Urbezo Crianza 2005, Solar de Urbezo $52
With a little wisdom gained from four years in bottle, this blend of Tempranillo, Cab, Merlot, and Grenache from Cariñena (east of Rioja) is easily the most reclined and complex wine under $75.
Sangiovese di Romagna Superiore 2007, Villa Bagnolo $37
Emilia Romagna gets a bum rap for slinging Lambrusco, but there’s more to this region than red fizz. Although Sangiovese is more charm bracelet than warrior varietal when produced here, its chug-worthy enchantment is hard to hate.
Gavi 2008, Ca Aqua $43
Gavi is located within the Piedmont region of Italy, just South of where the region’s bills are paid (Barolo). The grape: Cortese. The point: diplomatic, likable, and well constructed for the price.
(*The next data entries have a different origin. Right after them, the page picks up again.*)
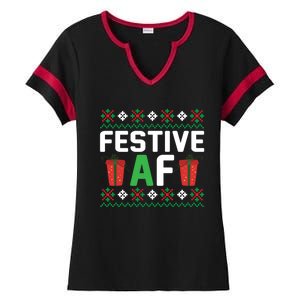 Festive Af Funny Holidays Gift Ladies Halftime Notch Neck Tee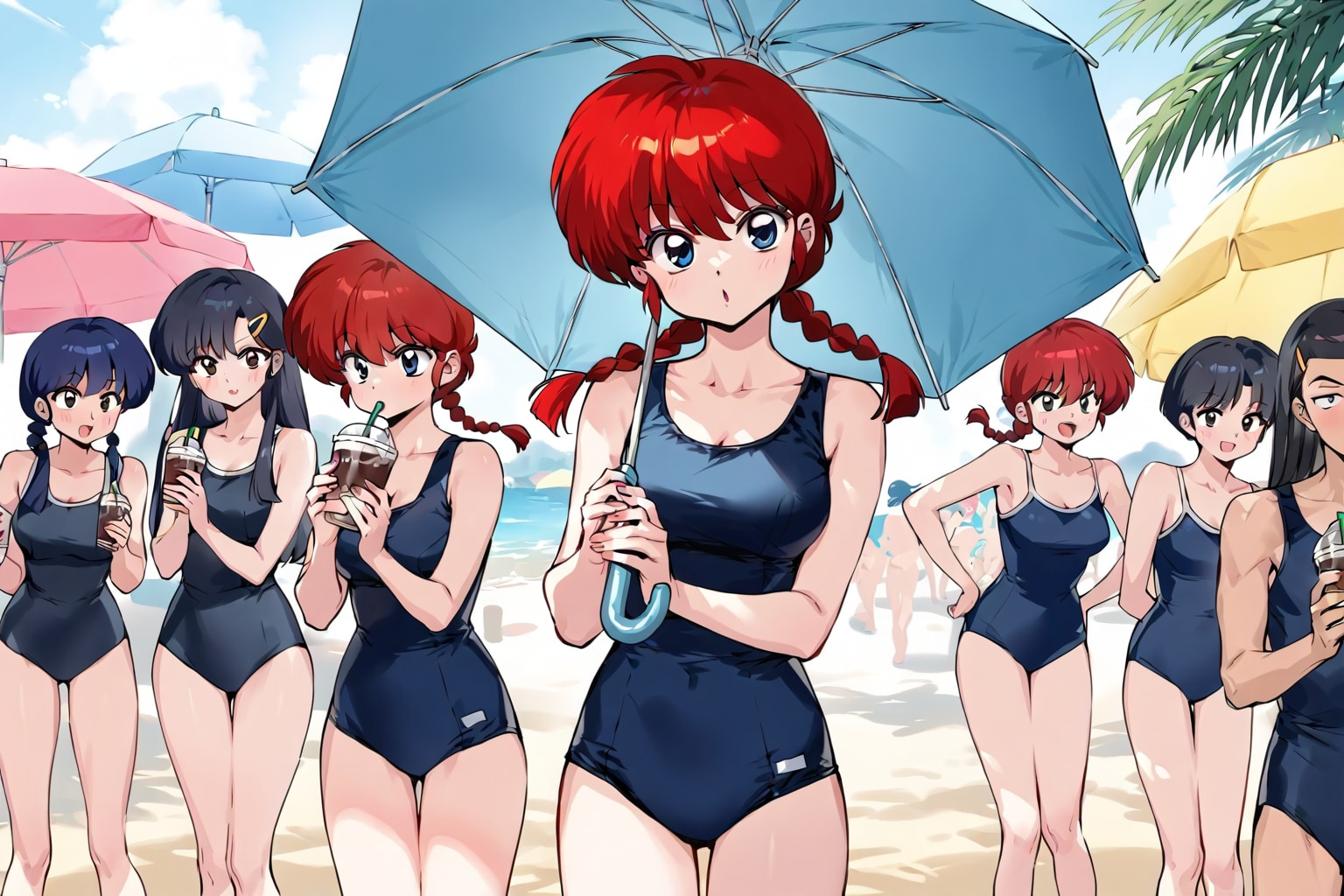スク水海水浴場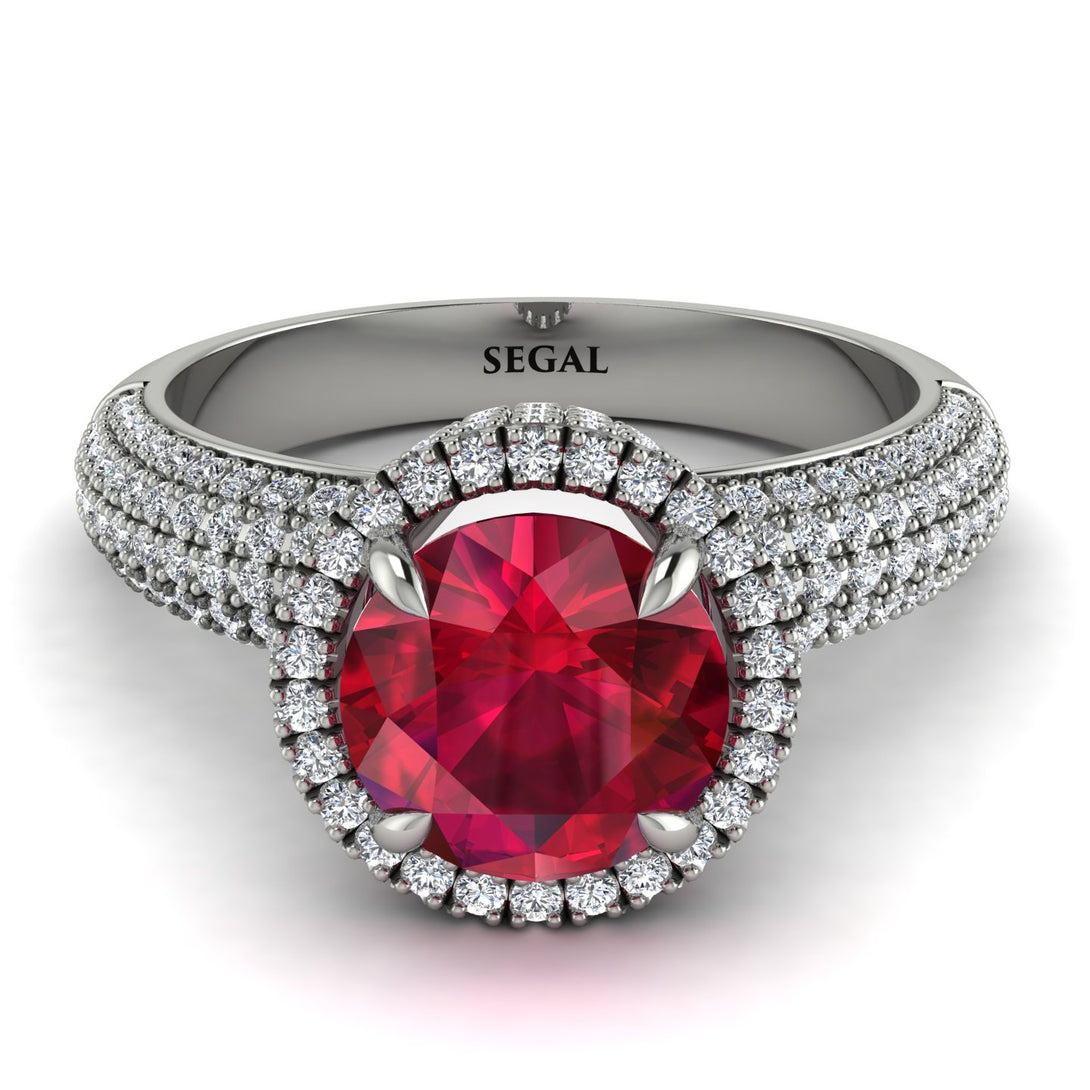 Ruby Cluster Halo Engagement Ring - Katie No. 12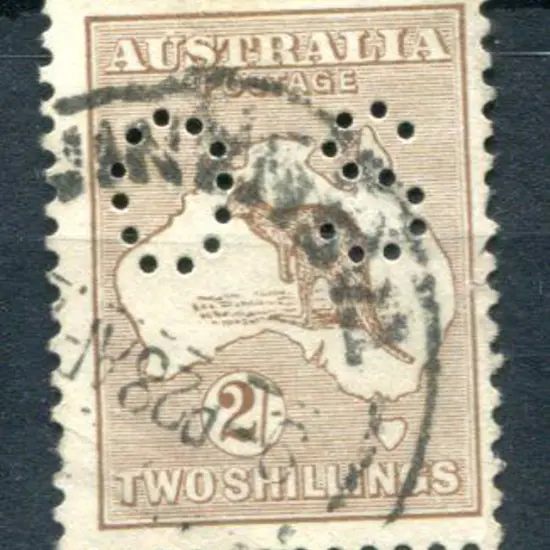 1915 2/- light brown, 2nd wmk perfined small "OS". ...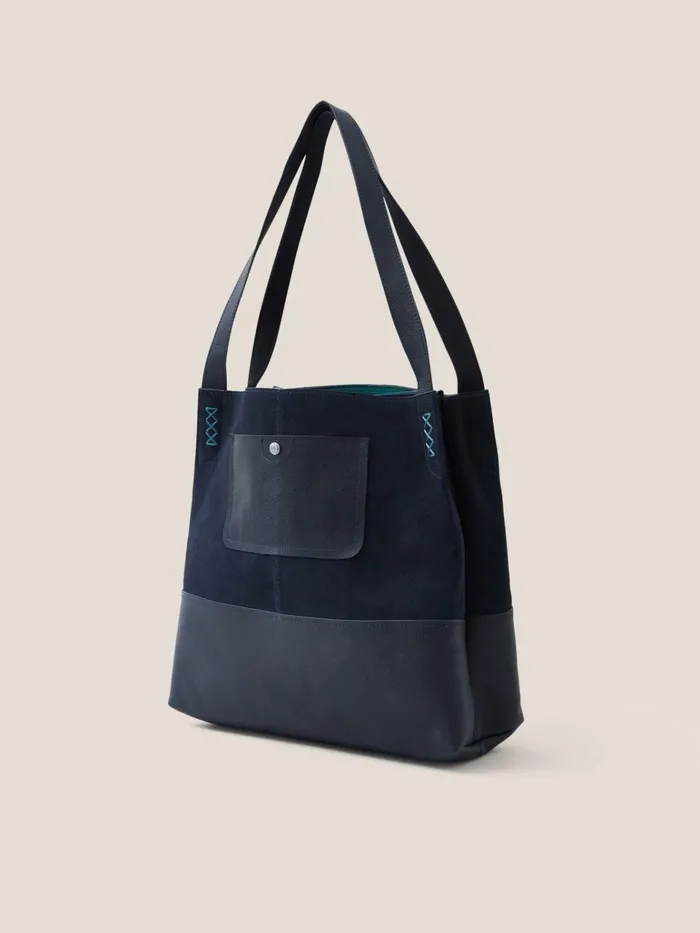 Women White Stuff Bags And Purses Hettie Leather Tote Dark Navy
Rosso di Toscana ‘Gode’ II’ 2007, Poggio Amorelli $47
Old-school Chianti blend of Sangiovese, Canaialo, Trebbiano, and Malvasia that, since the 2006 prohibition of white grapes in the Chianti blend, must be labeled without the Chianti Classico designation. Bright, straightforward, and versatile.
Off The Beaten Track
Tannat 2006, Cambiata $82
Tannat is an overpowering kick your ass in a bar kind of varietal that’s rarely taken on alone outside of Uruguay and France’s Madiran. Needless to say, it’s quite rare to find it in CA’s Monterey County, where it’s boasting its trademark beef and brawn, but it’s still huggable enough to drink straightaway.
Break The Bank
Brunello di Montalcino ‘Montosoli’ 1997, Altesino $300 (off the forthcoming short reserve list)
Altesino’s single-vineyard Montosoli is one of the region’s great standard bearers, straddling the line between modern and traditional with grace. Considering this is the vintage that sent everyone into hysterics, the pricing on this remains very fair. Will show some leg after a short decant.
Brut NV, Veuve Clicquot Ponsardin $175
The Veuve-y trap is the oldest lowbrow trick in the book. Here we find this benign bubbly marked-up more than three times its retail price to hook unassuming diners and patrons in a celebratory fog. The kind of cardinal sin that risks demon possession, Wiccan hexes, and eternal damnation.